### [Given material]
::::

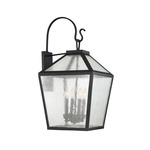Woodstock Outdoor Wall Light - Black / Clear Seeded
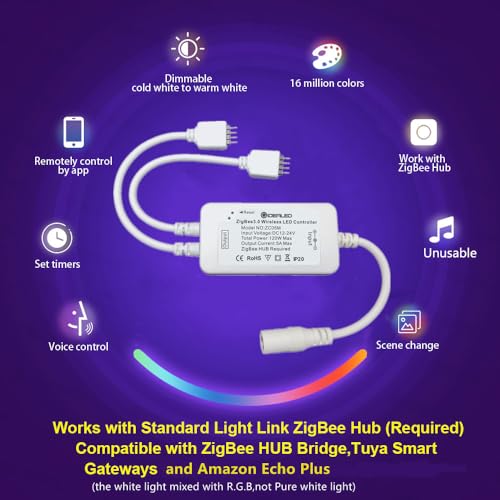 32.8ft ZigBee LED Strip Lights Dimmable Ambiance Smart RGB LED Kit Directly Work with Echo Plus for Alexa Voice Control LED Lights,Work with Hub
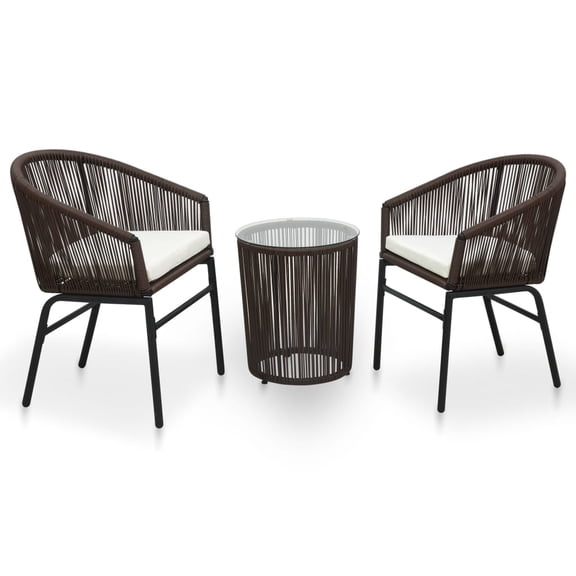vidaXL 3 Piece Bistro Set with Cushions PVC Rattan Brown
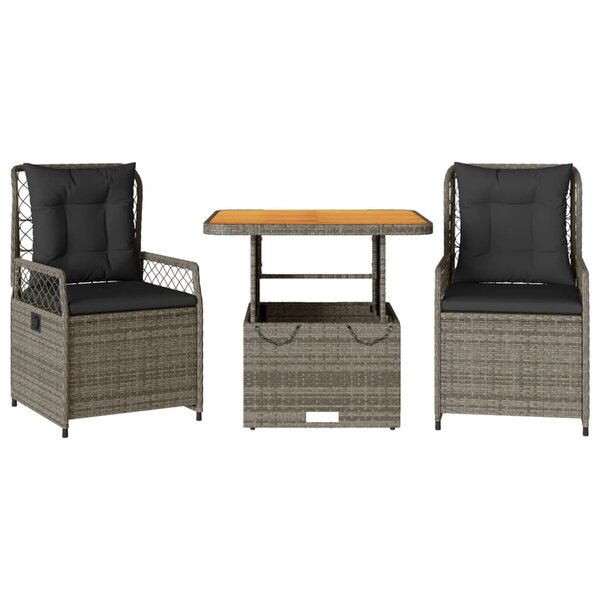 vidaXL Ensemble à manger de jardin 3 Pièces coussins gris résine tressée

::::

### [Problem]
Beginning with the line that holds "vidaXL 3 Piece", output each line to the end of the material above, exactly, omitting the pictures.

### [Answer box]
vidaXL 3 Piece Bistro Set with Cushions PVC Rattan Brown
 vidaXL Ensemble à manger de jardin 3 Pièces coussins gris résine tressée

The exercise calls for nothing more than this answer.